Load Balance refers to balancing loads (work tasks) and allocating them to multiple operation units, such as FTP server, Web server, enterprise core server, and other main task servers, to cooperatively complete work tasks. Load balancing is built on existing networks and provides a transparent, inexpensive and effective way to expand the bandwidth of servers and network devices, increase throughput, enhance network processing capacity, and improve network flexibility and availability.

Load balancing is one of the factors must be considered in the design of the distributed system architecture, such as Tmall, jingdong big users such as site in order to process mass user initiated in the request, it often adopts distributed servers, and through the introduction of reverse proxy, the user request is evenly distributed to each server, and the process is implementation of load balancing.

(4) Processing the request and returning it: After receiving the HTTP request from the client, the server determines how to obtain the corresponding file based on the content in the HTTP request and sends the file to the browser.

⑤ Browser rendering: the browser begins to display the page according to the response, first parsing HTML files to build a DOM tree, and then parsing CSS files to build a rendering tree. When the rendering tree is completed, the browser begins to lay out the rendering tree and draw it to the screen.

⑥ Disconnection: The client and server terminate the TCP connection by waving the hand four times. [The details are explained in the transport layer]
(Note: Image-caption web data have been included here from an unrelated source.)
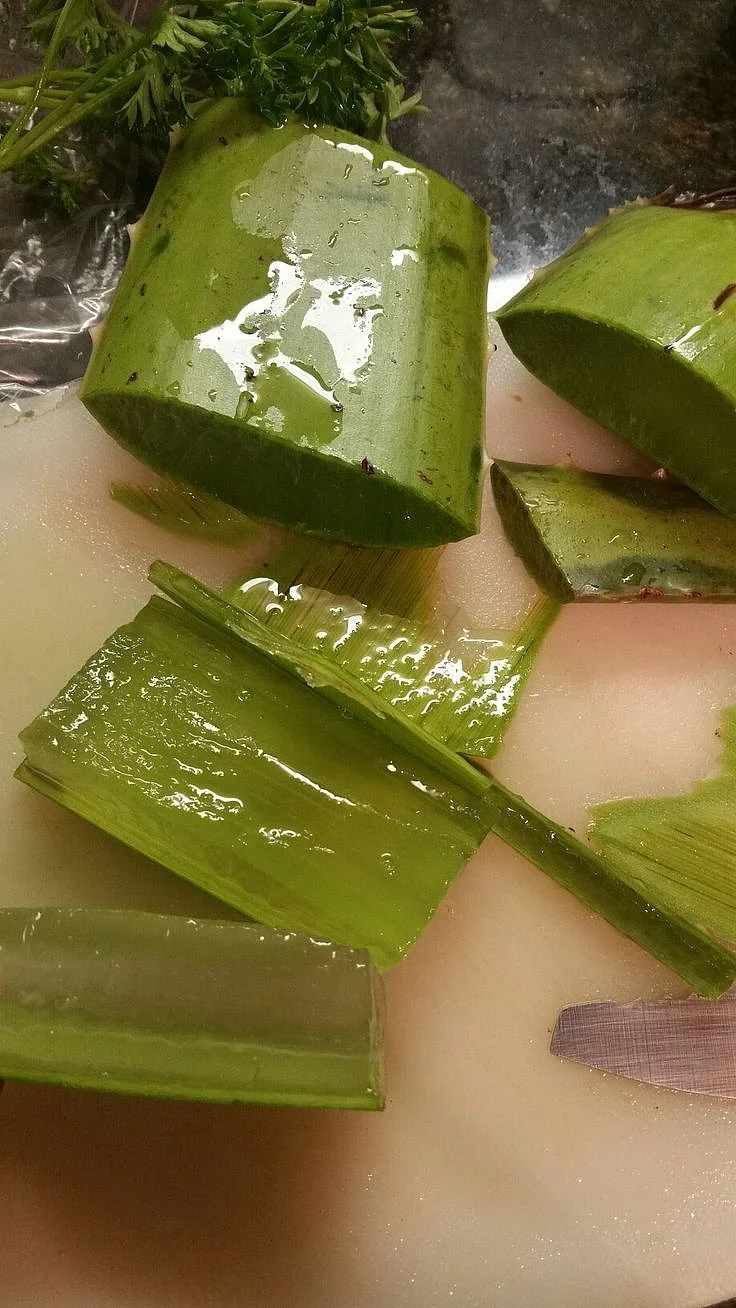 aloe vera. 4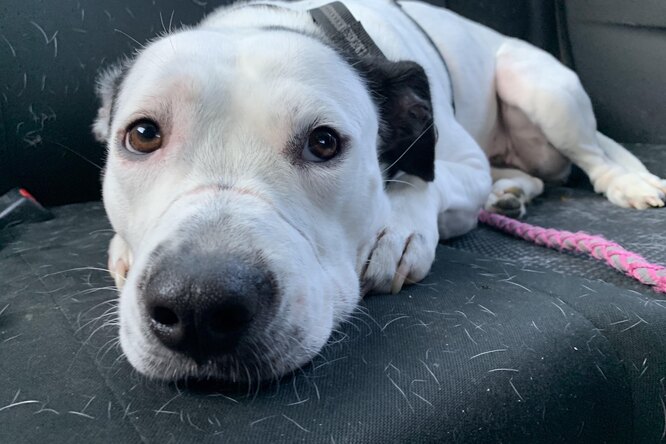 Собаку дважды возвращали в приют из-за глухоты. Наконец, она выучила язык жестов - свежие новости на Toplenta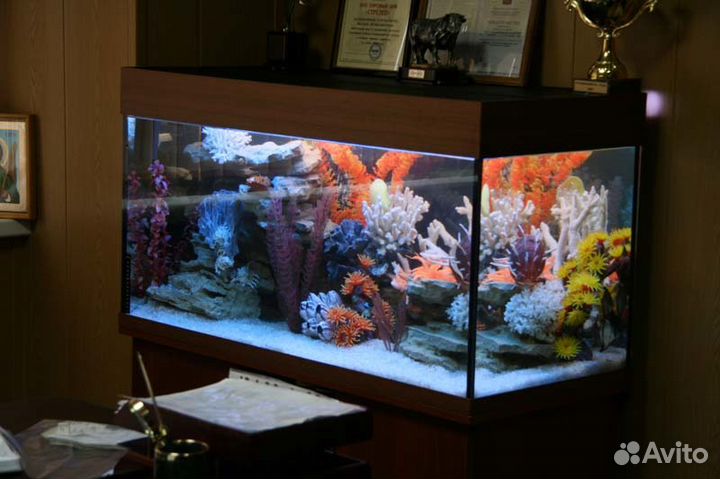 Рыбки, живые растения и другое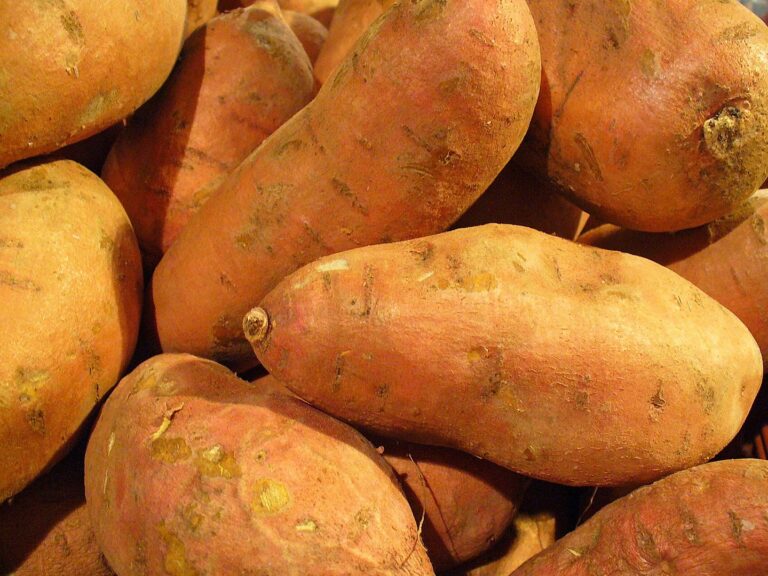 Growing Sweet Potatoes from Slips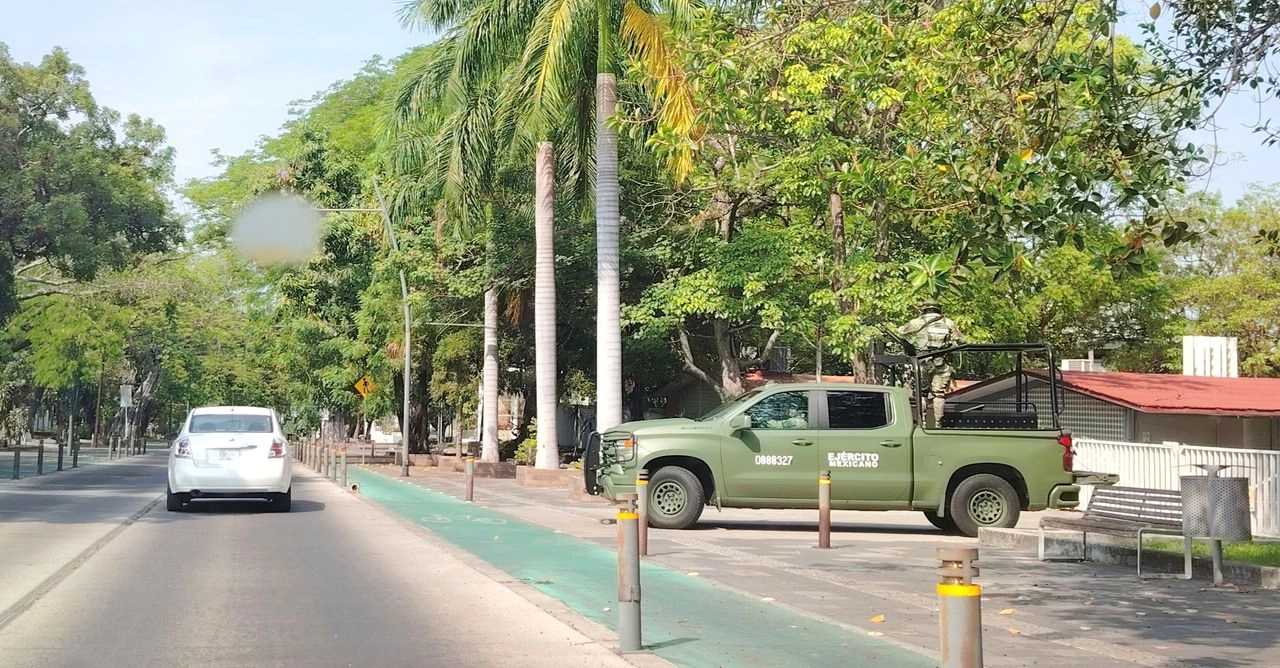 Los servicios, patrullajes y toda actividad relacionada con la seguridad pública "se encuentra cubierta gracias a esta coordinación entre los diversos órdenes de gobierno".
7.13 B/S Architecture and C/S Architecture

C/S(Client/Server) refers to the Client and Server. Client software must be installed on the Client to access the Server, such as QQ and Feisin, as shown in the following figure:B/S(Browser/Server) refers to the Browser and the Server side. There is no need to install special software on the client side, as long as a Browser. B/S architecture is a typical C/S architecture, and B/S system uses Http protocol, as shown in the following figure

7.13.1 Comparison between B/S Architecture and C/S Architecture

  1. B/S and C/S have their strengths and both are very important computing architectures today
  2. B/S is much better than C/S in terms of Internet availability, maintenance workload, etc
  3. The B/S architecture needs to focus on the compatibility of the system in different browsers, such as Internet Explorer (IE6/7/8/9), Firefox and Google Chrome
  4. C/S architecture needs to consider the system installation and anti-installation (can not make rogue software), which platform to support (such as Win32, Win64, Linux32, etc.)
  5. The client does not need to be maintained and is suitable for large user groups or situations where customer requirements often change. C/S relieves server-side stress
  6. C/S architecture can give full play to the processing capacity of the client PC, so in terms of business performance, C/S is much stronger than B/S. For example, many large games can not be made into B/S system, but can only be made into C/S system

7.14 Processes and Threads

  1. Process: A process can run independently in the operating system and serves as the basic unit of resource allocation. Represents a program running in memory.
  2. Thread: A thread is an instance of a process that serves as the basic unit of system scheduling and dispatching. A sequence in a process that performs a function in the process.
  3. The difference between a process and a thread
  • (1) The same process can contain multiple threads, a process contains at least one thread, a thread can only exist in one process.
  • (2) All threads in the same process can share the resources in the process. (At runtime, the system allocates a different area of memory for each process, but not for threads. A thread can only share the resources of the process it belongs to.
  • (3) After the process ends, all threads under the process will be destroyed, and the termination of one thread will not affect other threads under the same process.
  • (4) thread is a lightweight process, its creation and destruction of the time needed much smaller than the process, all the operating system’s execution function is to create threads to complete.
  • (5) Threads are synchronous and mutually exclusive during execution because they share resources under the same process.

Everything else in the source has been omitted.